Cell for FATA Studies(CFS)
The region was annexed in the 19th century during the British colonial period. The British Raj attempted to control the population of the annexed tribal regions with the Frontier Crimes Regulations (FCR), which allowed considerable power to govern to local nobles so long as these nobles were willing to meet the needs of the British.
The territories that together form FATA consist of seven ‘Political Agencies’ – Bajaur, Khyber, Kurram, Mohmand, North Waziristan, Orakzai, and South Waziristan – and six smaller zones, called ‘Frontier Regions’ (FRs), which are attached with the districts of Bannu, Dera Ismail Khan, Kohat, Lakki Marwat, Peshawar, and Tank.
To the North and East, the tribal areas are bounded by Khyber Pakhtunkhwa (KP), while to the South is the province of Baluchistan.

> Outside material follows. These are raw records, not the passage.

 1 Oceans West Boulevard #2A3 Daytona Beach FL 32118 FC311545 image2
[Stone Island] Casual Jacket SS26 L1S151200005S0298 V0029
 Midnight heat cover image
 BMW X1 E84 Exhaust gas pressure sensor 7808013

The Durand Line, which separates Pakistan from Afghanistan, forms the Western border of FATA.
System of Administration
Pakistan’s tribal regions are managed through an indirect system of administration for the execution of government policies. The pivot of this administration is the political agent, who influences tribes indirectly through local notables called Maliks. In return for their services, the Maliks receive allowances and are provided with patronage. Such a system lays down a narrow base of support for the government and is one of the main reasons for not generating a larger base of supporters for the state of Pakistan.
Frontier Crimes Regulation (FCR)
Control over the administered portion of the tribal areas is exercised by a stringent law enacted in 1901 called the Frontier Crimes Regulation (FCR). This basic law is used for settling disputes and exercising control. Barring some exceptions, disputes and complaints are handed over to Jirgas (tribal juries) for decisions. An assistant political officer acts as the administrator of a Jirga.

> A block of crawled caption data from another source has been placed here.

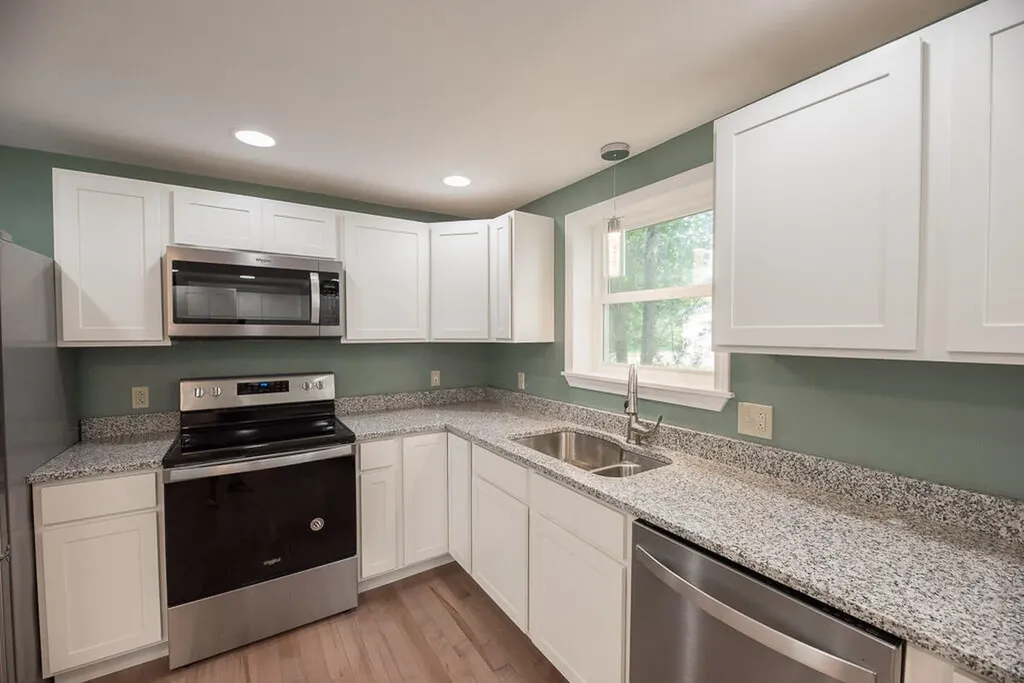 79 Main Street Skowhegan ME 04976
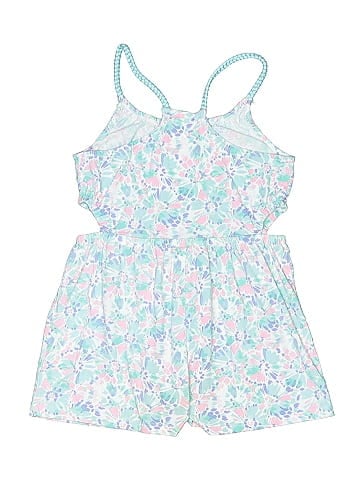 OshKosh B'gosh Dress (view 2)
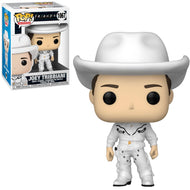 Friends Cowboy Joey Funko Pop! Vinyl Figure #1067
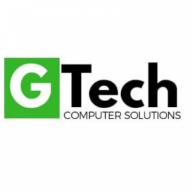 gtechexpress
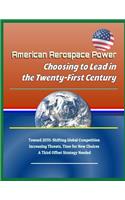 American Aerospace Power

It may be noted that this system works best when the political agent is accepted as the unchallenged head of the agency administration. This has not been the case since October 2002, when the military entered FATA. As a result the tribal administration became dysfunctional and the political agent lost control over the tribes. As stated earlier, the main cause of this outcome was the subordination of the political agent’s authority to the military commander and the military’s direct handling of tribal matters, a move away from the former practice of exerting control through diplomacy.